Vaccinatie tegen polio

Definitie

poliomyelitis, ook bekend als poliomyelitis of gewoon polio, is een infectieziekte die kan leiden tot de centrale zenuwstelsel (CNS) wordt beïnvloed. In de meeste gevallen blijft een infectie symptoomloos, maar bij sommige patiënten kan permanente verlamming optreden. Meestal worden de ledematen aangetast door deze verlammingen.

Als de ademhalingsspieren ook worden aangetast, mechanisch ventilatie moet worden gebruikt en de patiënt kan overlijden. Polio wordt beschouwd als uitgeroeid in Duitsland. Het laatste geregistreerde geval deed zich voor in 1990 in Duitsland.

Desalniettemin raadt de Standing Vaccination Commission (STIKO) aan om kinderen tegen polio te vaccineren. In andere landen, met name in Nigeria, Afghanistan en Pakistan, is de ziekte nog niet uitgeroeid, zodat reizigers de ziekteverwekkers terug naar Duitsland kunnen dragen. Om de ziekte wereldwijd uit te roeien is het noodzakelijk dat kinderen en volwassenen in Duitsland gevaccineerd blijven, zodat Duitsers geen potentiële dragers van de ziekte meer zijn. Aangenomen kan worden dat het poliovirus het volgende uitgeroeid virus zal zijn als gevolg van een wereldwijde vaccinatie.

Synoniemen

Poliomyelitis, polio

Voor de preventie van polio is er een dood vaccin dat parenteraal wordt toegediend. De eerder toegediende orale vaccinatie wordt niet meer gebruikt vanwege het gevaar van vaccingerelateerde paralytica poliomyelitis​ Er zijn geen contra-indicaties tegen het parenterale vaccin.

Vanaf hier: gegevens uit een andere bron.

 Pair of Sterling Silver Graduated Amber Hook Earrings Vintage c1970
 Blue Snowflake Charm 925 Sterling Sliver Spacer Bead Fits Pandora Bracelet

De eerste poliovaccinatie kan worden gegeven vanaf de leeftijd van twee maanden. Meestal wordt deze vaccinatie zesvoudig toegediend als zogenaamd combinatievaccin. De vaccinatie wordt dan gegeven samen met een vaccinatie tegen difterie, gierend hoesten, tetanus, Haemophilus influenzae en hepatitis B, zodat kinderen maar één keer gevaccineerd hoeven te worden in plaats van zes keer.

Om een ​​zogenaamde basisvaccinatie te bereiken, moet het vaccin in totaal vier keer worden geïnjecteerd. Als de vaccinatiekalender van de Vaste Commissie voor Vaccinatie wordt gevolgd, worden vaccinaties gegeven op de leeftijd van twee maanden, drie maanden, vier maanden en de laatste vaccinatie tussen de elfde en veertiende maand. Tussen elke vaccinatie moeten minimaal vier tot zes weken zitten.

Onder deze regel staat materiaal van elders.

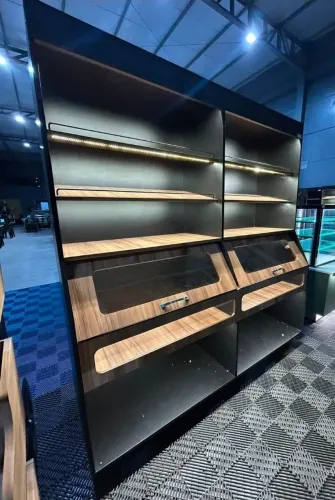 Expositor de Pães Aberto Em MDF 1,85m Com Tulha Iluminação LED
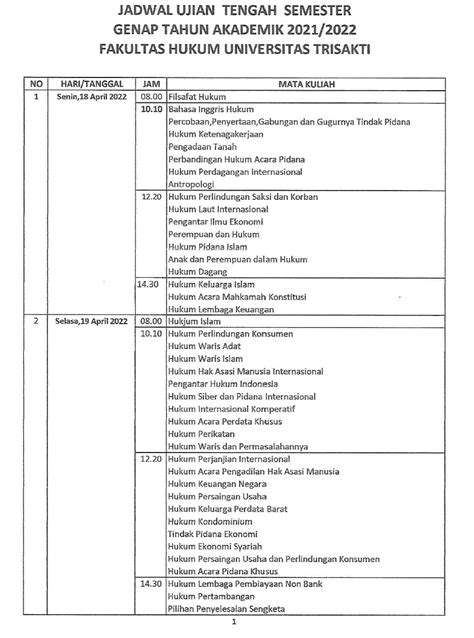 JADWAL UJIAN TENGAH SEMESTER GENAP T A 2021 2022 FAKULTAS HUKUM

De volledige basisvaccinatie van polio vindt plaats samen met vijf andere vaccins als zesvoudige vaccinatie. Hoewel vaccinatie als combinatievaccin zinvol is, kan poliovaccinatie ook als monovalent vaccin worden toegediend, dat wil zeggen als een enkele vaccinatie. In dit geval zijn slechts twee tot drie vaccinaties nodig voor basisvaccinatie, die worden toegediend tussen het eerste en tweede levensjaar.

De vaccinatie tegen polio is één van de vaccinaties die na een bepaalde tijd na de basisvaccinatie moet worden ververst om een ​​blijvende bescherming te garanderen. De boostervaccinatie wordt meestal samen gegeven in een combinatievaccin met de boostervaccinatie tetanus, gierend hoesten en difterie​ Het moet worden toegediend tussen de negen en zeventien jaar.

Daarna is meestal geen herhalingsvaccinatie nodig. Alleen in individuele gevallen wordt om veiligheidsredenen een verdere boostervaccinatie aanbevolen. Dit geldt voor reizigers naar landen met een risico op polio-infectie waarvan de laatste vaccinatie tegen polio meer dan 10 jaar geleden plaatsvond, evenals voor mensen die in het laboratorium werken en een verhoogd risico lopen op blootstelling aan poliovirus of die contact hebben met poliopatiënten.